Vinyl records are making a comeback.
As of October, Nielsen Soundscan reported sales of vinyl records up more than 16 percent over last year.
Joe Schwab, owner of Euclid Records has sold LPs for 30 years, and the store’s record label, Euclid Records...Records, releases artists on 45s.
St. Louis Public Radio’s Maria Altman spoke with Schwab about what he’s seen at his own store and why he thinks records are coming around again.
Schwab: Probably about four or five years ago we saw the vinyl sales at Christmas just skyrocketing. And there was a point where it didn’t stop; where we found January and February where sales kind of lag a little bit, they just stayed steady because you can’t just own three or four albums. You want come back and buy more and more. So whenever we sell a turntable we get a new customer out of it.
Why do you think people love buying records? What is it about it that has made this an enduring form?
Schwab: I think there are a few of things.
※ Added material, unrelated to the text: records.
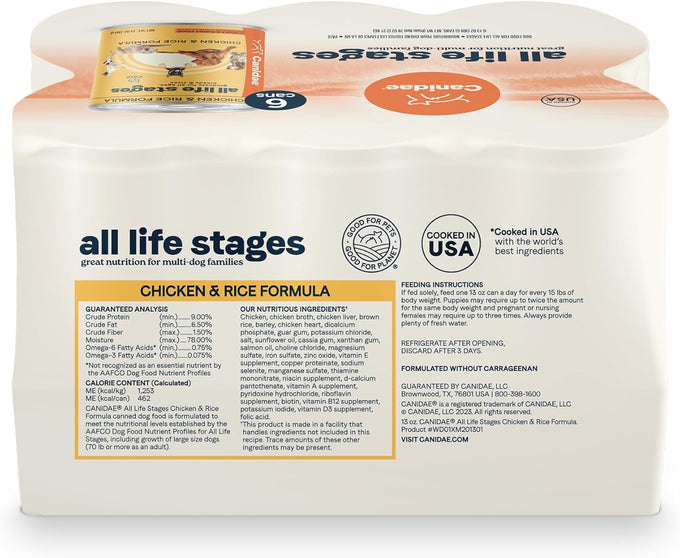 canidae all life stages premium wet dog food chicken rice recipe 6-pack 13 oz cans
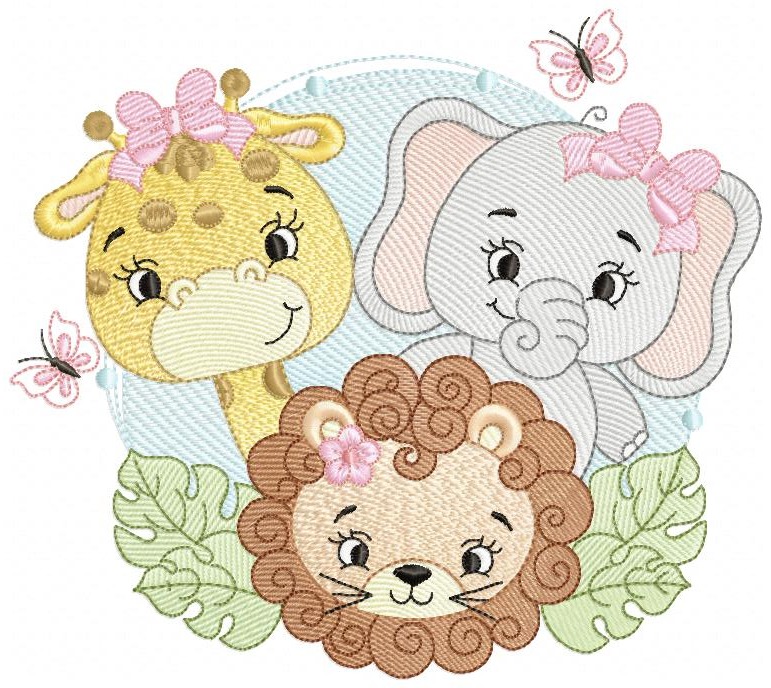 Trio Safagirl X Multi-Size free machine embroidery design — 3.89×3.47 in — 15,937 stitches — 19 colors — DST, EXP, JEF, PES, XXX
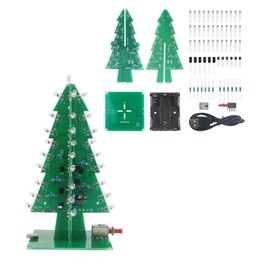Yidab Soldering Practice Kit DIY RGB LED 3D Xmas Tree Electronics Projects Soldering Kit Welding Skills Learn Soldering Kit for DIYers Learning Electronics (05SDS01)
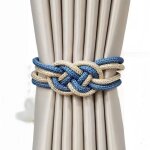 Paquet de 2 attaches de rideaux magn�tiques, pinces � rideaux, bleu ciel + champagne, attaches de rideaux ...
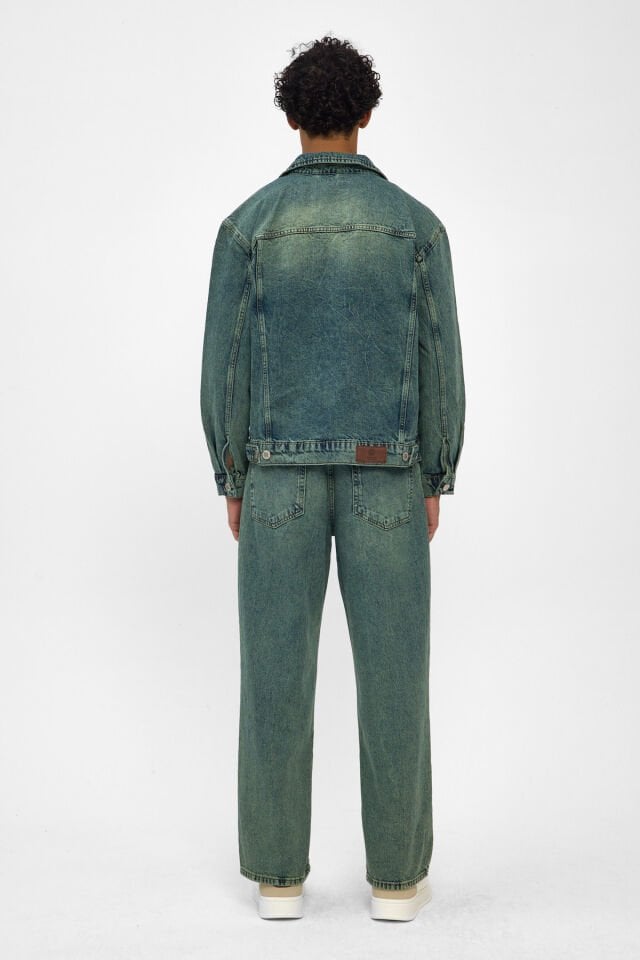 Erkek Kot Takım Yeşil Tintli Denim Ceket Loose Fit Pantolon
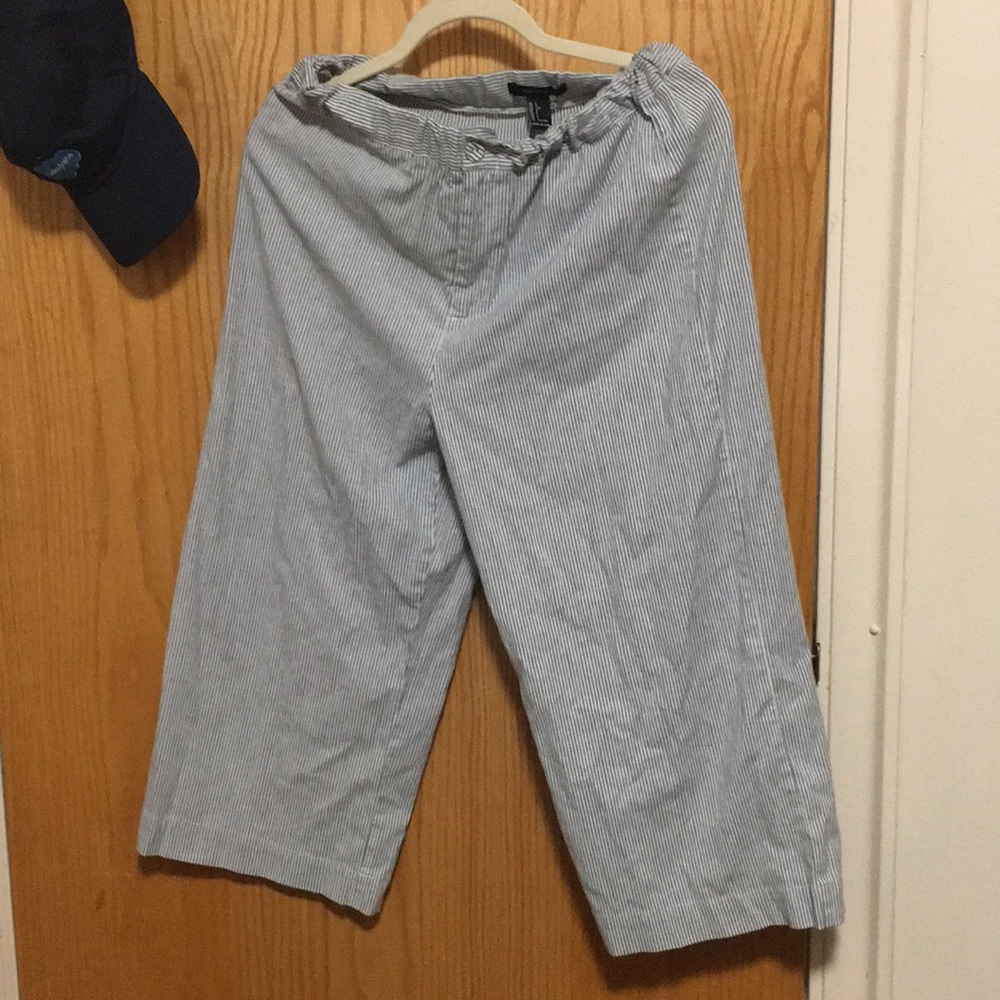 Forever21 pinstriped wide leg cropped pants L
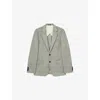 REISS MENS SAGE GREEN STACK SINGLE-BREASTED WOOL-BLEND BLAZER
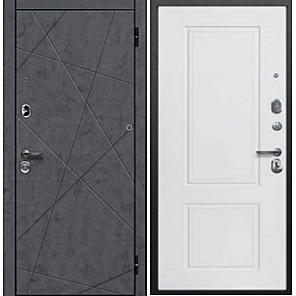 Дверь металлическая 2МДФ Гео Антрацит/Белый матовый (теплый короб) 960мм левая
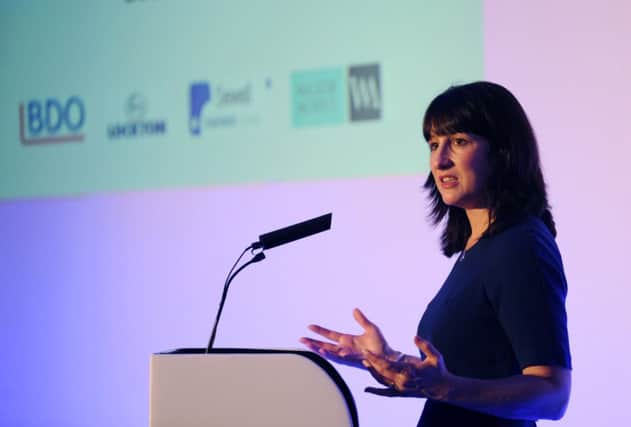 The 2016 Yorkshire Finance Director Awards at The Queens Hotel, Leeds.
Rachel Reeves MP speaks on stage.
20th October 2016.
Picture : Jonathan Gawthorpe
You can talk about the rich sound of it, and it becomes a passion for audiophiles to have this beautiful, deep, rich tone that you get from vinyl that you’re lacking from the digital experience.
I think the other thing is the artwork. I think that’s something that people have really rediscovered, just how great it is to look at a records and hold something that’s honestly a piece of art.
Who’s getting these turntables and buying records?
Schwab: I think we’re finding two distinct demographics. One is the kids from the ages of 16 through 25. Then we’re seeing people closer to my age, maybe in their 50s or 60s who are reliving their youth. The older people have discretionary income and the younger people, that’s their passion at the time. In between you’re having kids and you have other expenses and that’s understandable, but if you’re really into the hobby you’ll always come back to it.
How many records do you have? I’ve heard that your basement is really something.
Schwab: I’m guessing between all the different formats probably half a million; a lot of stuff.
With such a huge number of albums do people ask ‘how do you organize your records?’ Do you alphabetize?
Schwab: Fortunately, I enjoy alphabetizing records. It’s kind of my way of playing with them. That’s from being a collector since I was a kid. It never bothers me to do that. We’re always considered a very organized store.
What’s your favorite LP?
Schwab: Oh, gosh, that’s almost impossible to say.
Schwab: Oh, god, even that’s impossible to say. I can’t even go there. It’s like when someone asks me “what kind of music do you like?” and I just say “good.” That’s about the only way to answer that.